When the school-set sitcom Bad Education, created by and starring Jack Whitehall, first burst onto BBC Three in 2012, it ran for three series and a feature film, and many of its young cast, including Charlie Wernham, Ethan Lawrence, Layton Williams and Weruche Opia, have gone on to have incredibly successful careers off the back of it.


A surprise announcement by the BBC in May 2022 delighted fans when it was revealed that Bad Education would be returning for a brand new series and a Christmas reunion special in which Alfie Wickers reunites with his old students one last time before leaving the school, for a joyfully chaotic careers day.


Following a successful fourth series and Christmas musical special in 2023, we're returning to Abbey Grove for Bad Education's fifth series as Strictly finalist Layton Williams is back as drama teacher Stephen Carmichael alongside Mathew Horne as Mr Fraser, Vicki Pepperdine as headteacher Ms Hoburn and the incredibly talented actors making up the new Class K.

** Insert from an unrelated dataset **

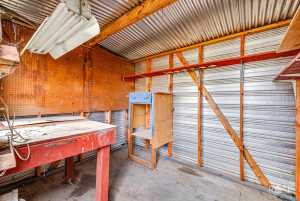 1927 Chapman St (27)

Also back as pupil turned PE teacher Mitchell Harper, is former Hollyoaks and EastEnders actor Charlie Wernham who this series, risks losing Kayleigh having spent their life savings on a wedding venue mix-up. And when a part in a gangster film goes to Mitchell's head, he's asked to swap jobs with Stephen! We can only imagine how THAT will go down!

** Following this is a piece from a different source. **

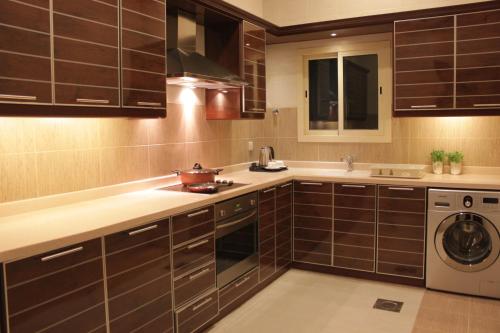 Mandarin Hotel Apartments image 20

Aside from starring in the new series, Charlie has also co-written his very first episode of Bad Education alongside co-writer Freddy Syborn. The episode, the first in this new series, sees Class K come to Mitchell's rescue, buy helping him fund his wedding by promoting a boxing match.


Charlie is just one of several breakthrough writers working with Freddy Syborn on Bad Education, including Anna Costello, Ava Pickett, Laura Smyth, Layton Williams, Nathan Bryon and Rhys Taylor.


I recently caught up with Charlie to discuss his initial reaction to Bad Education returning, working with Layton Williams and what it was like to co-write his first episode.


We also talked about the love he has for soaps and the possibility of a return in the future, whether he might be following co-star Layton into the Strictly ballroom and why 2024 is set to be a year of stepping outside of his comfort zone.


It’s been almost 12 years since Bad Education first aired. Did you ever think you’d still be here talking about it and starring in new episodes of it all these years later?


I certainly didn't think I'd be talking about it in regards to a new series. The original series did so well. Surprisingly well, because we weren't really aware of how many people watched it and enjoyed it at that age. And it became something that people still referenced sort of 7, 8, 9, 10 years on.


So to bring it back has been an incredible journey. But no, I certainly didn't expect a reboot and even if we did do it, I didn't expect a couple of series to come out and to be a lead in it.



When you first found out that Bad Education was coming back, what did you think? Was it an instant yes? Or did you have reservations about going back?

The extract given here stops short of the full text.